Indonesia memiliki lebih dari 24.000 jurnal terdaftar di platform GARUDA. Angka ini seharusnya mencerminkan kemajuan pesat dunia akademik nasional. Namun, kenyataan menunjukkan ironi: hanya sekitar 0,055% dari jurnal tersebut yang masuk kategori Q1 Scopus, salah satu standar global untuk jurnal berkualitas. Angka ini memunculkan pertanyaan mendasar: apakah kita terlalu sibuk memperbanyak jurnal sehingga lupa memperbaiki kualitasnya?
Kondisi ini terjadi bukan tanpa sebab. Regulasi pendidikan tinggi di Indonesia menjadikan publikasi jurnal sebagai indikator utama kinerja dosen. Tridharma Perguruan Tinggi menempatkan penelitian dan publikasi di jurnal ilmiah sebagai kewajiban yang harus dipenuhi. Sebagai respons, banyak universitas mendirikan jurnal sendiri untuk menampung publikasi dosennya. Namun, langkah ini lebih terlihat seperti upaya administratif semata daripada inisiatif untuk membangun ekosistem ilmiah yang bermutu.

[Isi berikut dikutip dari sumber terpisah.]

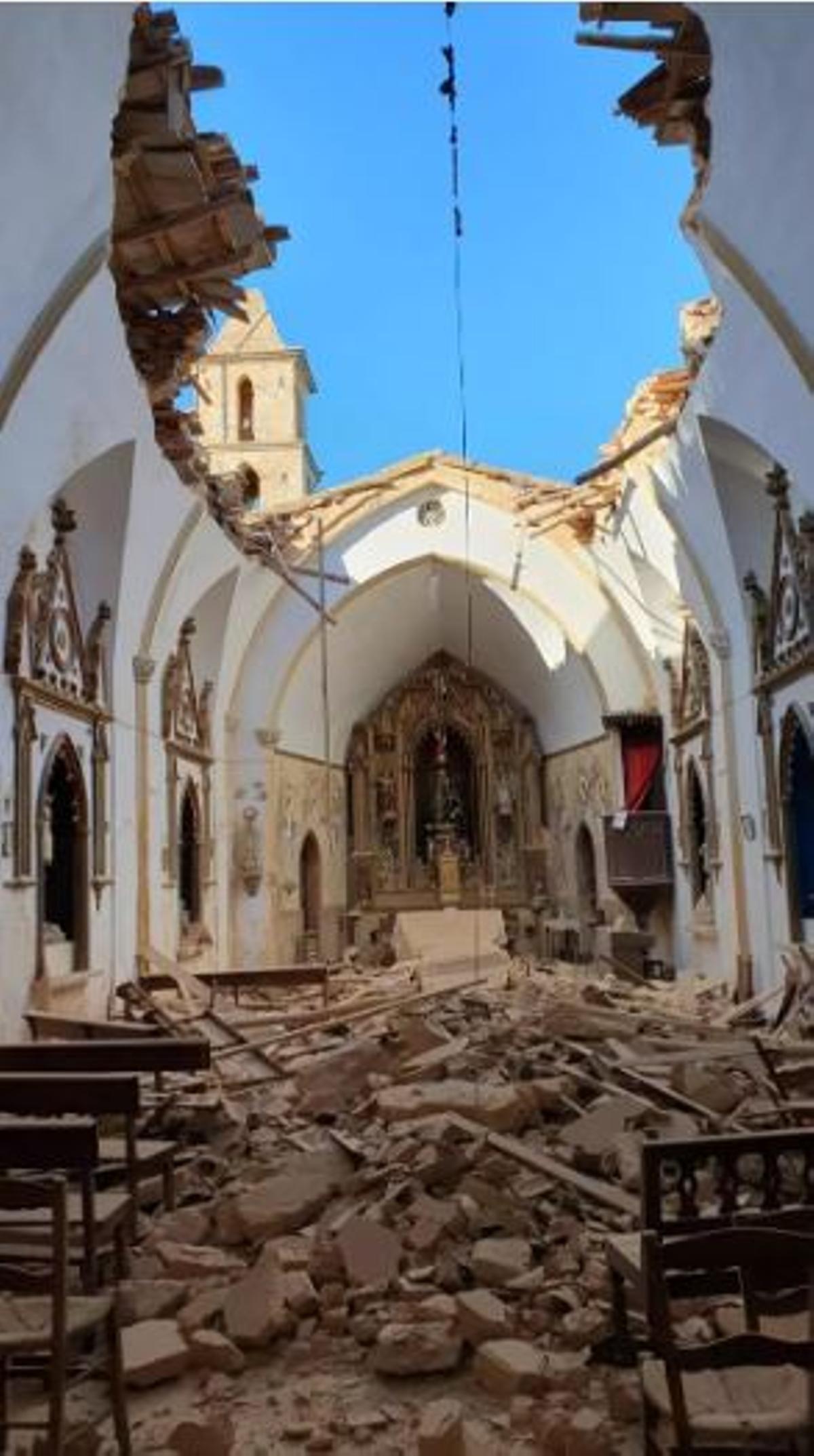 Vom Dach ist nicht viel übrig.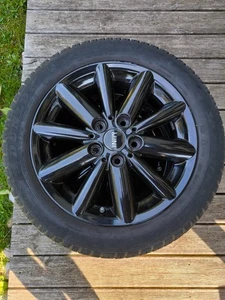 Mini One Winter Kompletträder, Radial Spoke, 175/60 R16, von Leasingfahrzeug - Bild 1 von 6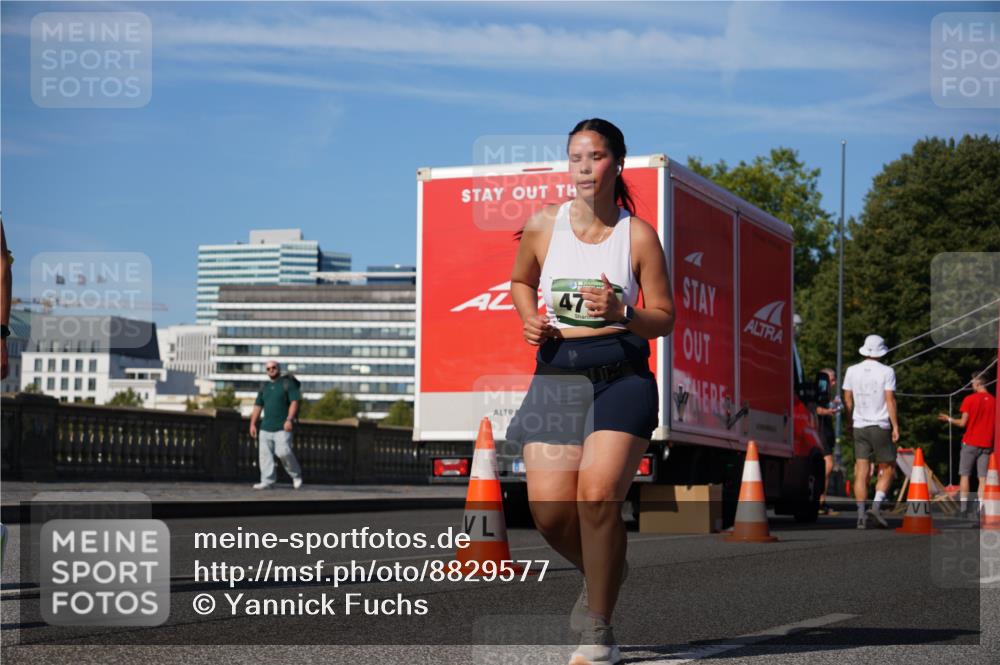 07.09.2025 - BARMER Alsterlauf Yannick Fuchs http://msf.ph/oto/8829577 07.09.2025 10:30:36 Laufen 47, 18, 114 meine-sportfotos.de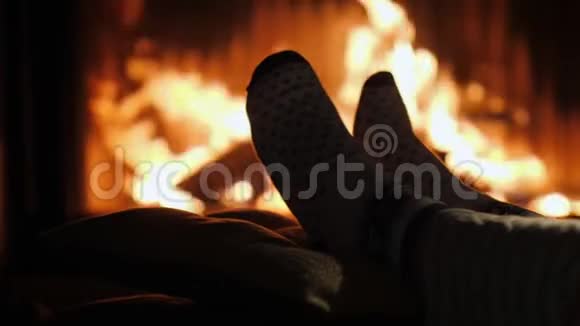 冬天晚上袜子里的腿被壁炉加热视频的预览图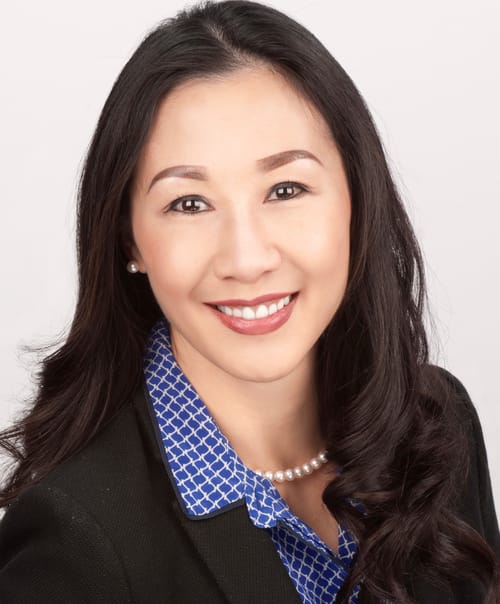 Headshot of Julia Truong, LPC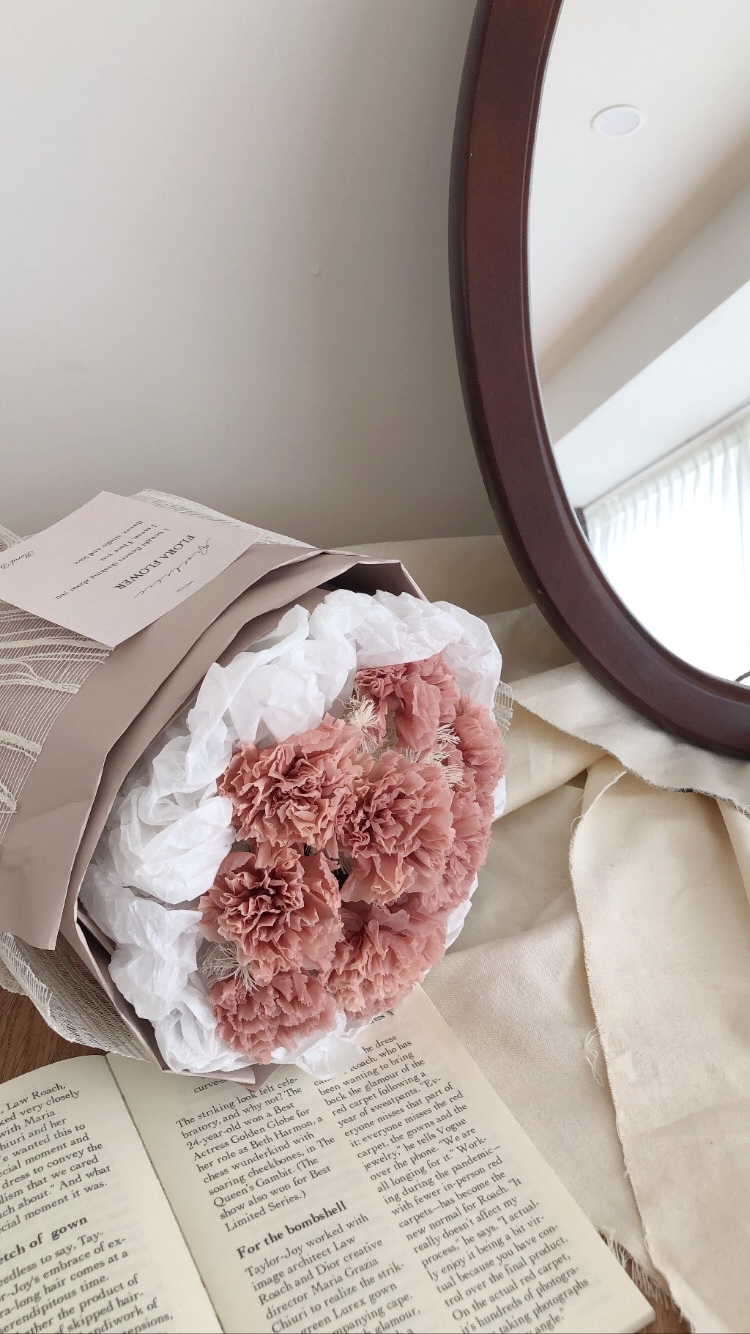 永生康乃馨花束-奶油雲朵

Dari 24.684 jurnal di Indonesia, hanya 163 yang terindeks Scopus. Jumlah ini tidak sebanding dengan usaha besar yang telah dikerahkan untuk mendirikan begitu banyak jurnal. Apalagi jika dilihat dari segi kualitas, jurnal Indonesia yang masuk kategori Q1 sangat minim, bahkan kurang dari 20. Kenyataan ini mencerminkan bahwa jurnal-jurnal kita belum memiliki daya saing di tingkat internasional. Penyebab utamanya adalah kurangnya perhatian pada manajemen jurnal, proses editorial, dan kualitas artikel yang diterbitkan.
Banyak jurnal dikelola oleh dosen yang memiliki tanggung jawab utama sebagai pengajar dan peneliti. Posisi sebagai pengelola jurnal sering kali dianggap sebagai tugas tambahan yang dilakukan dengan sumber daya seadanya. Akibatnya, standar pengelolaan seperti peer review yang ketat atau proses editorial yang profesional sering diabaikan. Lebih jauh lagi, artikel yang diterbitkan dalam jurnal-jurnal tersebut sering kali belum memenuhi standar substansi ilmiah internasional, baik dari segi kebaruan temuan maupun metodologi yang digunakan.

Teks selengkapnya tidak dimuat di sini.